Suppliers scored even lower at 54.5, down from 57.1 in Q4 2025, with 60% of supplier executives pessimistic about industry health over the next six months. While current performance scored a relatively strong 63.9, future sentiment dropped to 45.1 as suppliers expect input costs to rise and pricing power with automakers to weaken further. Nearly half of suppliers expect their pricing leverage to deteriorate over the next six months, while just 4% expect it to improve.
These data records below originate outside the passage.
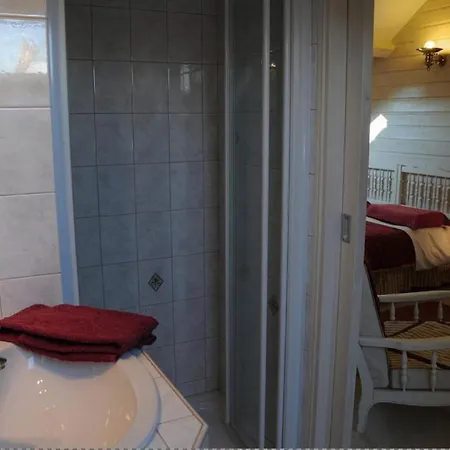 Couette-café Le Vendome Cote Jardin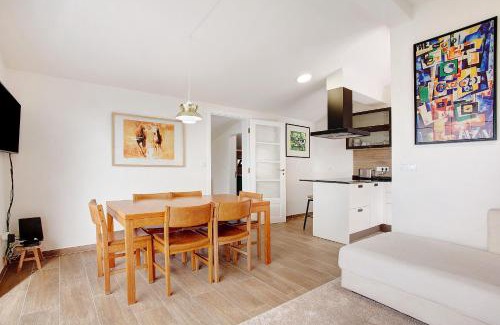 Canhas House | Casa Do Lenhador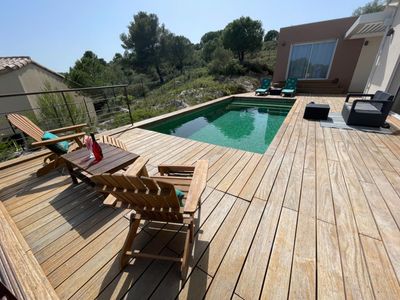 Pool villa overlooking the Corbières vineyards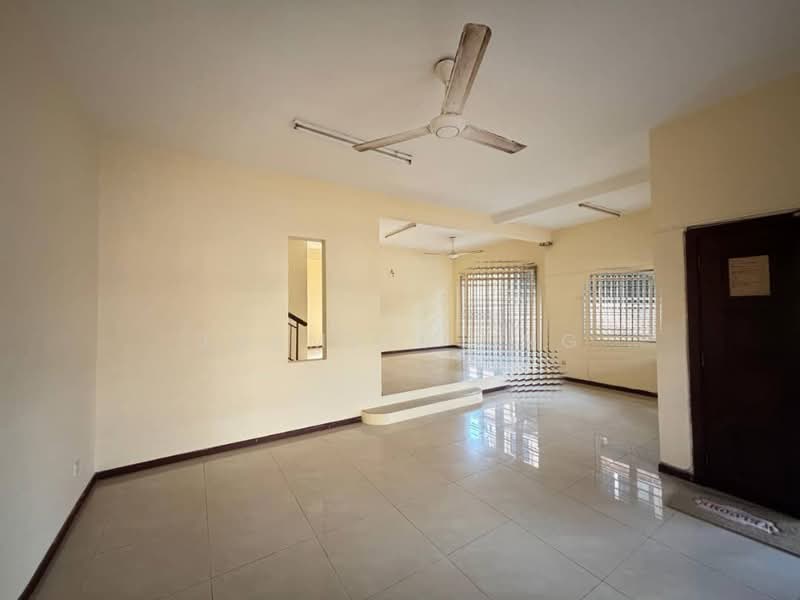 Rumah Berkembar untuk Dijual di Taman Usahawan (Kepong) - Jasmine Ong - Living Room - PropertyGuru.com.my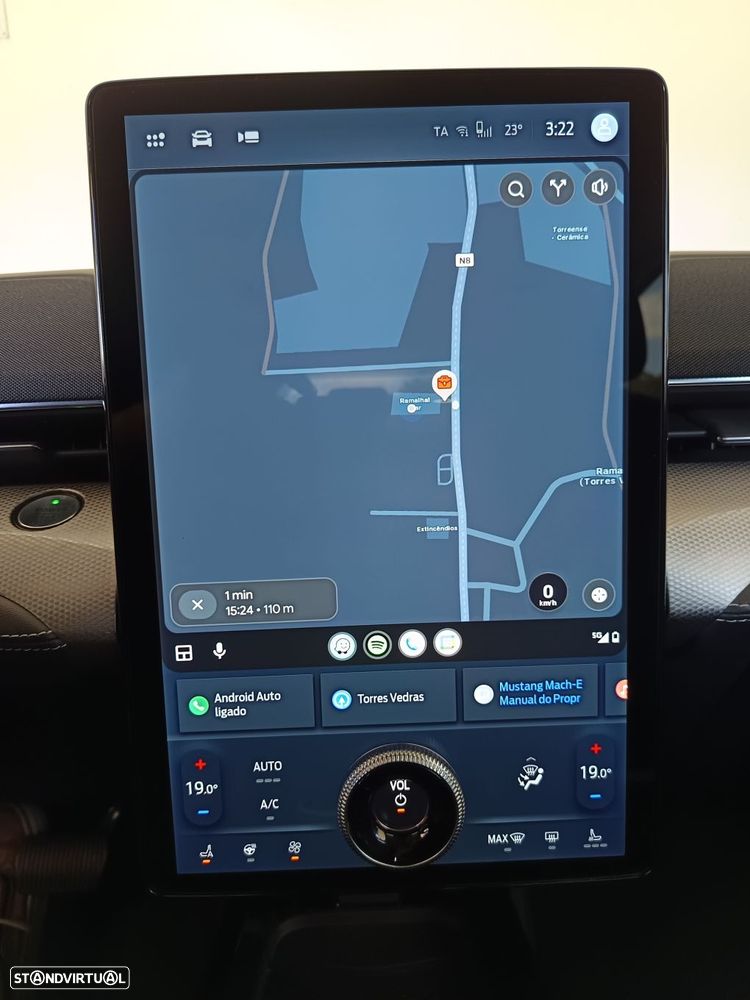 Ford Mustang Mach-E Standard - 25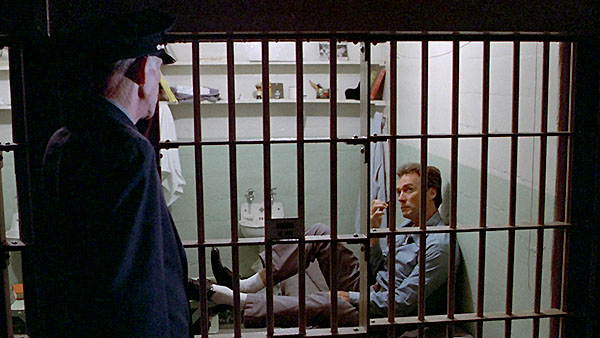 Fuga de Alcatraz es intensa narrativamente hablando, y entretenida, pues relata con veracidad la vida carcelaria. fuga-de-alcatraz-4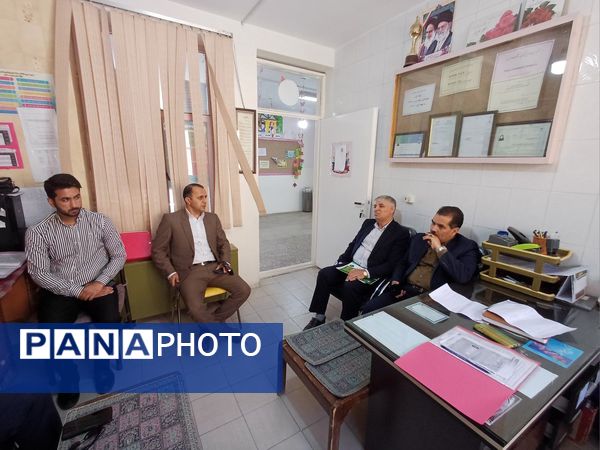 بازدید معاون آموزش متوسطه اداره‌کل آموزش و پرورش استان از مدارس شهرستان جاجرم 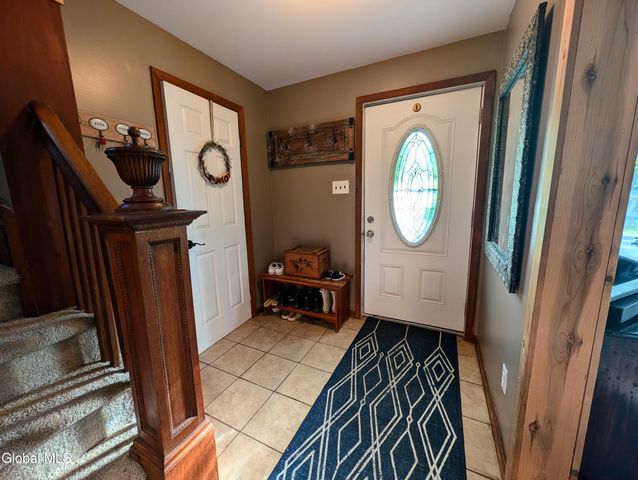 874 Benedict Avenue, Niskayuna, NY 12309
One supplier executive called it the most challenging environment in four decades, and 54% of parts makers expect financial distress across the supply chain to worsen.
Shutdown
Honda will shut down one of its joint-venture gasoline car plants with Guangzhou Automobile Group in June and is considering suspending another plant jointly owned with Dongfeng next year, further shrinking its China manufacturing footprint. Closing one ICE plant at each JV would halve Honda’s gasoline production capacity in China to about 480k units per year and cut total capacity from 1.2M to roughly 720k vehicles. Honda’s China sales fell about 24% in 2025 to just under 647k vehicles, nearly half the 1.2M cars it sold in 2023, as it lost ground to Chinese EV makers like BYD. The EV plants in Guangzhou and Wuhan are expected to begin producing EVs and plug-in hybrids developed under the leadership of Honda’s Chinese JV partners from 2028 or later.